Print out every entry that follows, exactly as written.

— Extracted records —
—————
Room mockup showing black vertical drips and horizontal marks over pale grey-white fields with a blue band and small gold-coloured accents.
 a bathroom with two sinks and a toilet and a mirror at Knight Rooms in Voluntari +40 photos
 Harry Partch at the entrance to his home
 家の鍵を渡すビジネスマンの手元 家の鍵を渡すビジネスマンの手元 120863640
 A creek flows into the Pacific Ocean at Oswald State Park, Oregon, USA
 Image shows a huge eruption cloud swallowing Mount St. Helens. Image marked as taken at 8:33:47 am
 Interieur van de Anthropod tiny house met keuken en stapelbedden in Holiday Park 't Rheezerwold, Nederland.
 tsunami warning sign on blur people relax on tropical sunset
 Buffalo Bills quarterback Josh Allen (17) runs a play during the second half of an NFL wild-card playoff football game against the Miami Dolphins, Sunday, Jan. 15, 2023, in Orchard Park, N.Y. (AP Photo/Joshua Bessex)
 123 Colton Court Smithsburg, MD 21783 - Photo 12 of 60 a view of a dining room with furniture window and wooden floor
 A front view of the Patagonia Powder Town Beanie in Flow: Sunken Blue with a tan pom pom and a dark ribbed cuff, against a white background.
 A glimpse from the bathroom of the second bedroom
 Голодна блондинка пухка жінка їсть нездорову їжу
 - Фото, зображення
—————
— Solution for this problem —
Room mockup showing black vertical drips and horizontal marks over pale grey-white fields with a blue band and small gold-coloured accents.
 a bathroom with two sinks and a toilet and a mirror at Knight Rooms in Voluntari +40 photos
 Harry Partch at the entrance to his home
 家の鍵を渡すビジネスマンの手元 家の鍵を渡すビジネスマンの手元 120863640
 A creek flows into the Pacific Ocean at Oswald State Park, Oregon, USA
 Image shows a huge eruption cloud swallowing Mount St. Helens. Image marked as taken at 8:33:47 am
 Interieur van de Anthropod tiny house met keuken en stapelbedden in Holiday Park 't Rheezerwold, Nederland.
 tsunami warning sign on blur people relax on tropical sunset
 Buffalo Bills quarterback Josh Allen (17) runs a play during the second half of an NFL wild-card playoff football game against the Miami Dolphins, Sunday, Jan. 15, 2023, in Orchard Park, N.Y. (AP Photo/Joshua Bessex)
 123 Colton Court Smithsburg, MD 21783 - Photo 12 of 60 a view of a dining room with furniture window and wooden floor
 A front view of the Patagonia Powder Town Beanie in Flow: Sunken Blue with a tan pom pom and a dark ribbed cuff, against a white background.
 A glimpse from the bathroom of the second bedroom
 Голодна блондинка пухка жінка їсть нездорову їжу
 - Фото, зображення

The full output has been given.